Доброслав поприветствовал Аристею, кинул взгляд в сторону угрюмых мужиков, перевёл на велита Аристарха, который озирался по сторонам, как бы ища поддержки. Клуд видел, как солевары развязывали Аристарха, понимающе усмехнулся. Эта усмешка не ускользнула от внимания древлянки, она подумала: «Он и поможет чернобородому…»
Пригласила в дом. Мальчик, увидев Доброслава, с визгом кинулся ему на шею, забросал вопросами:
— Почему давно у нас не был? С солеварами ты тоже поедешь? А где твоя большая мохнатая собака?
— Где-то в горах, малец, а может, бегает по берегу моря?
— Значит, ты не знаешь где? А ещё колдун…
— Почему, знаю… Знаю, что скоро она прибежит домой и с нею будет важный щенок… И тогда назовём его Буком… Мать — Бука, он — Бук… Станет через год огромным зверем… И тогда мы здорово заживём!
— Колдун, ты покажешь мне его?
— Как знать, может, и покажу…
Сели за стол. Аристея велела накормить мальчика и отослала его в спальню.

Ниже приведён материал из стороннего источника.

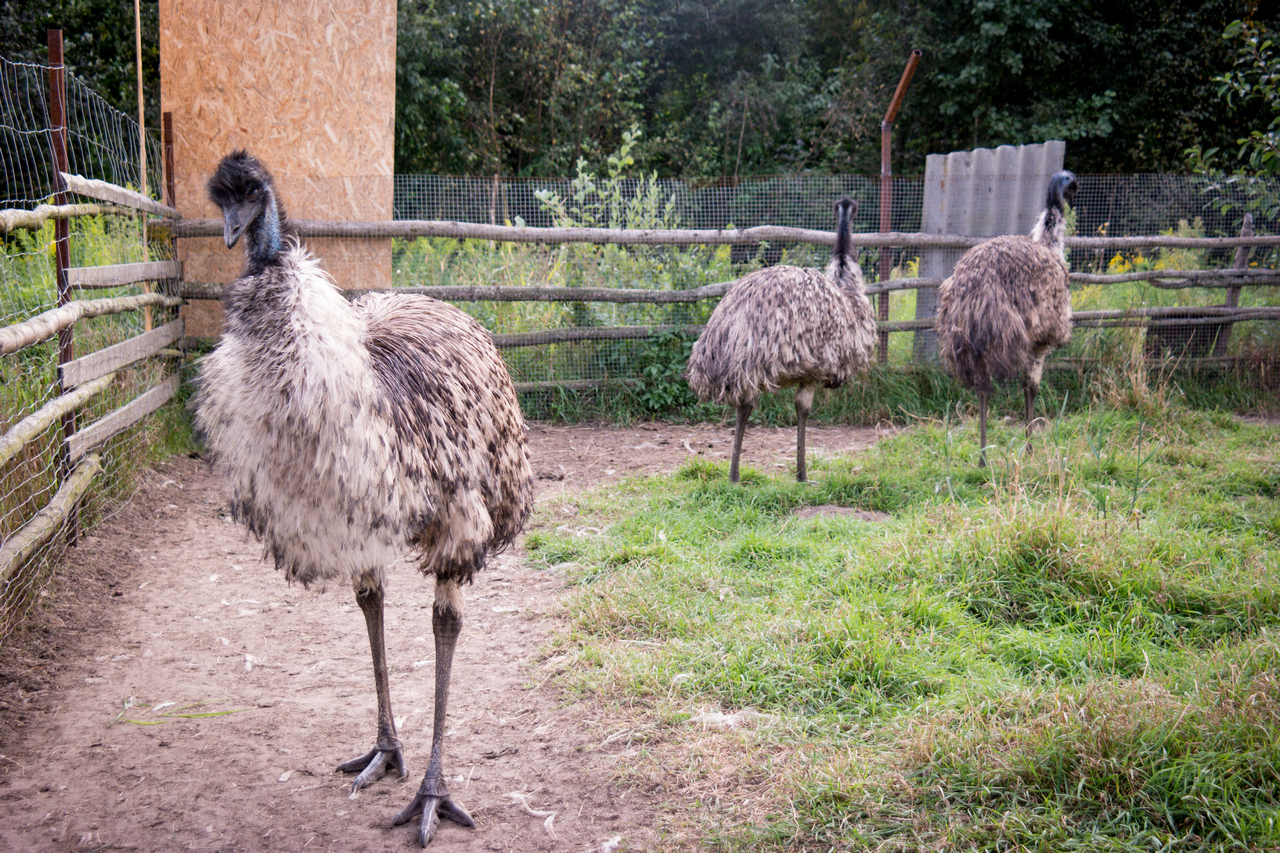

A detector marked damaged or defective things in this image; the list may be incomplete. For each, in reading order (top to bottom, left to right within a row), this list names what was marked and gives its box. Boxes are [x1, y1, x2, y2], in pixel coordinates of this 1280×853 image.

rusty metal pole [876, 49, 924, 362]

За окном уже сгустились сумерки. Лишь синяя полоса не исчезала над холмами, но потом и она будто накрылась тёмным пологом со сверкающими редкими звёздами. В домах поселян засветились лучины; велиты, бряцая оружием и щитами, протопали в свою казарму; солевары, всё ещё не остывшие от ссоры, переговариваясь, забрав с собой кожухи и тёплую одежду, побрели в отведённую им деревянную клеть.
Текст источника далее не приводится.